Never use Scanner#nextLine after Scanner#nextInt. Whenever you hit enter button after Scanner#nextInt than it will skip the Scanner#nextLine command. So, Change from

 int temp = keyboard.nextInt();

to

 int temp = Integer.parseInt(keyboard.nextLine());

Answer 2

You could use keyboard.next() instead of nextLine() and as

user1770155

mentioned to compare two strings you should use .equals() and what I would do since you're comparing to an upper letter "C" is

 type = keyboard.next().toUpperCase();



if (type.equals("C"))

Answer 3

Use Scanner Class:

int temp;
java.util.Scanner s = new java.util.Scanner(System.in);
String opposite, type;
double product;

System.out.print("Please enter a temperature: ");
temp = s.nextInt();

System.out.println("Was that in Celsius or Fahrenheit?");
System.out.print("(Enter 'C' for Celsius and 'F' for Fahrenheit) ");
type = s.nextLine();

if (type.equals("C")){
do something
}
else{
do something
}

For More Input references:

Scanner

BufferedReader

String

Here is a wonderful comparison on how to compare strings in java.

Answer 4

.nextInt() does not read the end of line character "\n".

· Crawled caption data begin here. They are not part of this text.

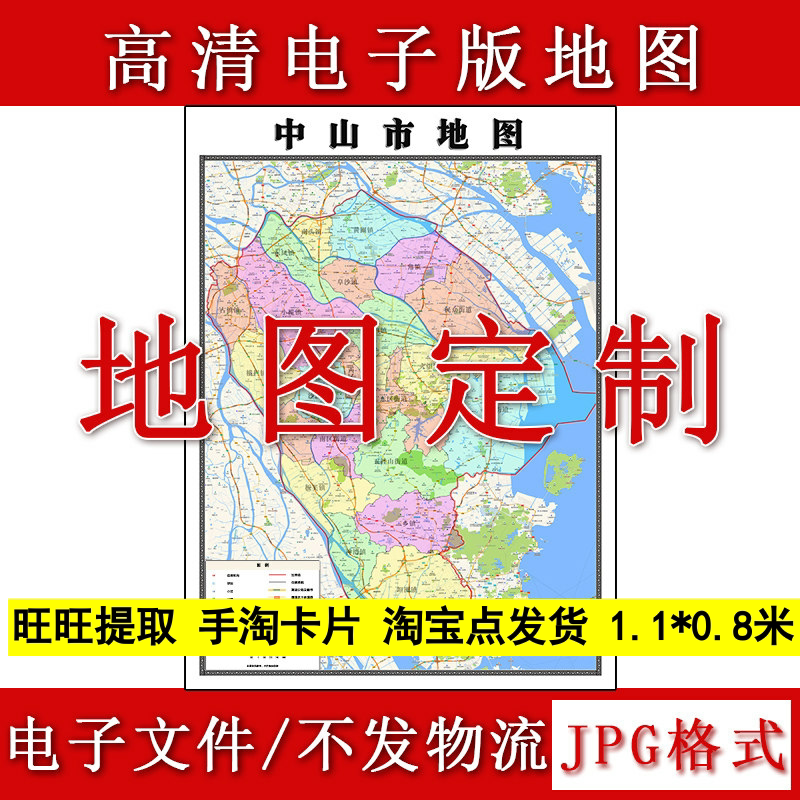 中山市电子版地图1.1m现货JPG格式广东省行政交通区域划分新款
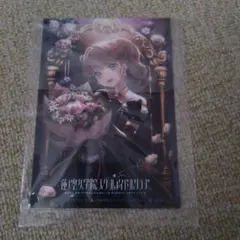 Item thumbnail for item fc8ab63b-24a2-4148-90ce-0983714e00b1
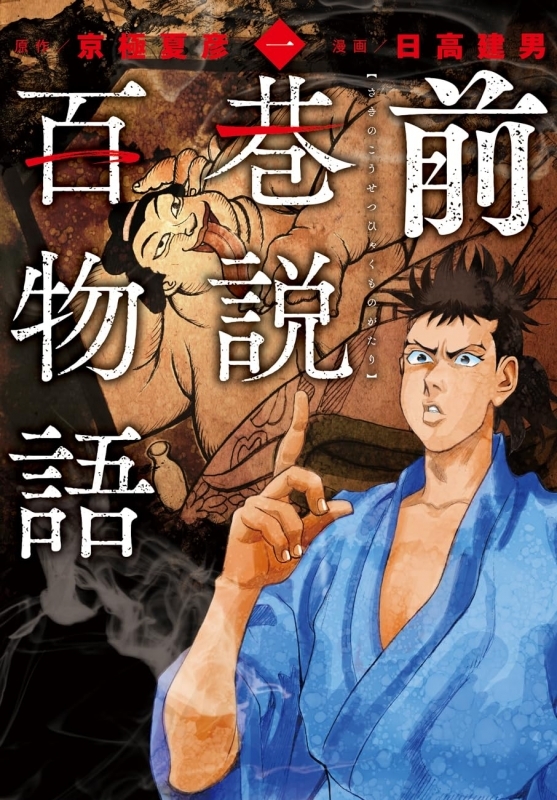 【コミックまとめ買い】前巷説百物語【ポイント還元有】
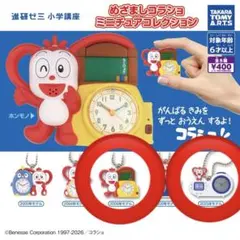 Item thumbnail for item 0d39baaa-8de0-4ead-98e5-833a45b56ec1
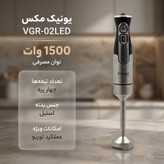 گوشت کوب برقی 1500 وات یونیک مکس مدل VGR-02LED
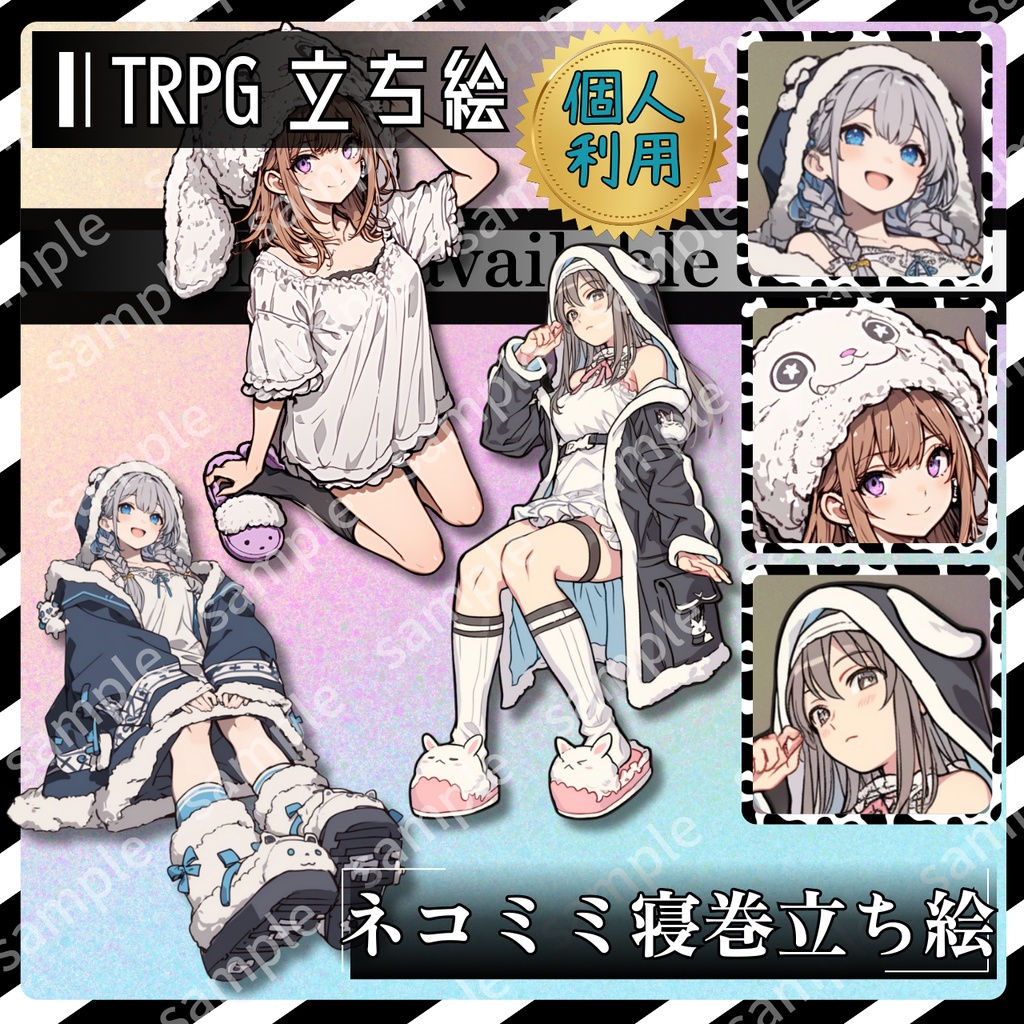 【立ち絵_007】ネコミミ寝巻き 女の子 3人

You need to put a keyboard.nextLine() after the .nextInt() and then it will work.

Answer 5

Also, use type.equals("C") instead of if (type == "C"), the later one is comparing the reference of the value.

Answer 6

For you code Change nextLine(); to next(); and it will work.

System.out.println("Was that in Celsius or Fahrenheit?");
    System.out.print("(Enter 'C' for Celsius and 'F' for Fahrenheit) ");
    type = keyboard.next();

to get an idea for you to what happened was this:

• nextLine(): Advances this scanner past the current line and returns the input that was skipped.
• next(): Finds and returns the next complete token from this scanner.

Also like the many of the answers says use equals() instead of using ==

The == checks only the references to the object are equal. .equal() compares string.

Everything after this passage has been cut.